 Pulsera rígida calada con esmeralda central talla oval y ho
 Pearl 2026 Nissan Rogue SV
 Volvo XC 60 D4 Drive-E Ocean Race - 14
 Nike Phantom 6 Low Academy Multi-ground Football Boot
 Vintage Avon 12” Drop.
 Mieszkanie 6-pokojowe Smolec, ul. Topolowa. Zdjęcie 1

● TASK PROMPT
Where the line containing "Pearl 2026 Nissan Rogue SV" appears, start copying, and go on exactly through the last line of the data.

● EXERCISE ANSWER
 Pearl 2026 Nissan Rogue SV
 Volvo XC 60 D4 Drive-E Ocean Race - 14
 Nike Phantom 6 Low Academy Multi-ground Football Boot
 Vintage Avon 12” Drop.
 Mieszkanie 6-pokojowe Smolec, ul. Topolowa. Zdjęcie 1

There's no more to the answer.